This is Games N Gadgets week at the Charlotte Observer. Throughout the week, Monday-Sunday, we're going to look at some popular and not-so popular Games N Gadgets. If you have any ideas for things you'd like to see us review, please email email@example.com
The most popular handheld system is, of course, Nintendo's DS and DSi units. The best handheld system, in my mind -- especially for hardcore gamers -- is the Sony PSP 3000.
The PSP Go has downloadable games only, which forces you to keep your old system to play your library of Universal Media Disc games for the old PSP.
I like the PSP 3000 over the DS options because of better graphics and a more realistic gaming experience. There are more adult-friendly titles available, plus a built-in microphone, WiFi and integrated Skype service. The new anti-glare screen thankfully allows you to play outdoors and still be able to see the action.

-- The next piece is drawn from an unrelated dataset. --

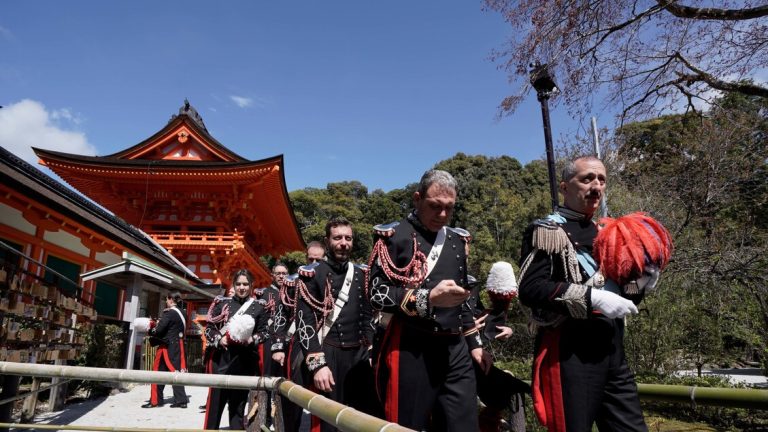 The carabinieri gang pays homage to the Sanctuary of Kamigamo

But while the DS and PSP are great handheld systems, I've got to crown a surprising entry as serious contenders to the throne: Apple's iPod Touch and iPhone.
Yes, you've got to download games, but the games are relatively cheap. Madden football, for example, is $6.99 instead of $19.99 or $39.99 like you'd sometimes find for traditional handhelds.

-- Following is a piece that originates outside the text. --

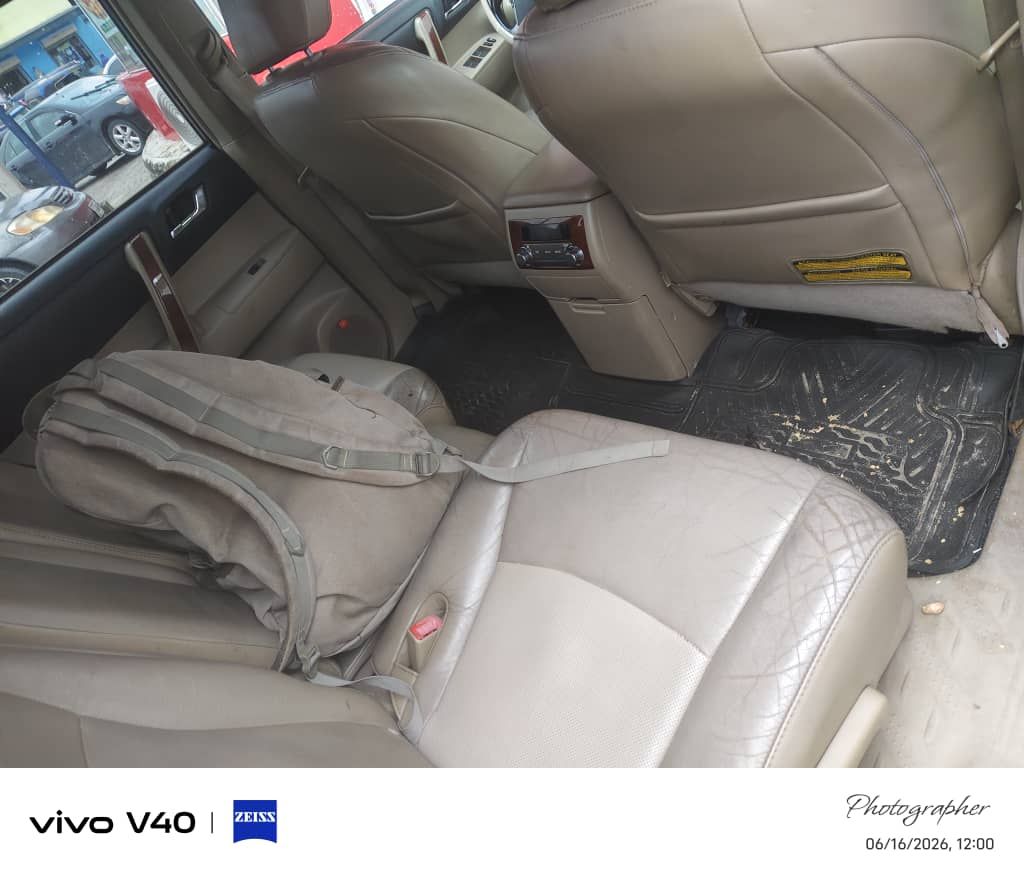 Vehicle - Image 6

You can download multiple free titles for the iPod Touch that aren't bad, including trial versions of games. And while Sony's new download game system is good, it cannot yet match the selection at the App Store.
A lot of people already have iPods and iPhones and don't have to pay for new hardware, and being able to have one device do the job of several gives youngsters (and the young at heart) one less thing to worry about losing.
I hadn't really thought about the iPod and iPhone as serious contenders to the big two until my mother bought my son an iPod Touch for Christmas.
My son has the Sony and Nintendo systems, but enjoyed taking his $25 gift card to the iTunes store and buying multiple games and downloading about 4 gigabytes of free ones.
I thought the newness might wear off and he'd go back to Mario on DSi, but he's always on his iPod Touch, checking the weather, getting sports score updates, listening to music, searching the App Store for free games -- or begging Dad for another gift card.
The full-color screen on the Touch and iPhone presents games at least as well as the other two, though the touchscreen controls take a little while to get used to. But during times when money is tight, buying one device that can do a lot of things well might be better than buying another that is only truly good at one thing.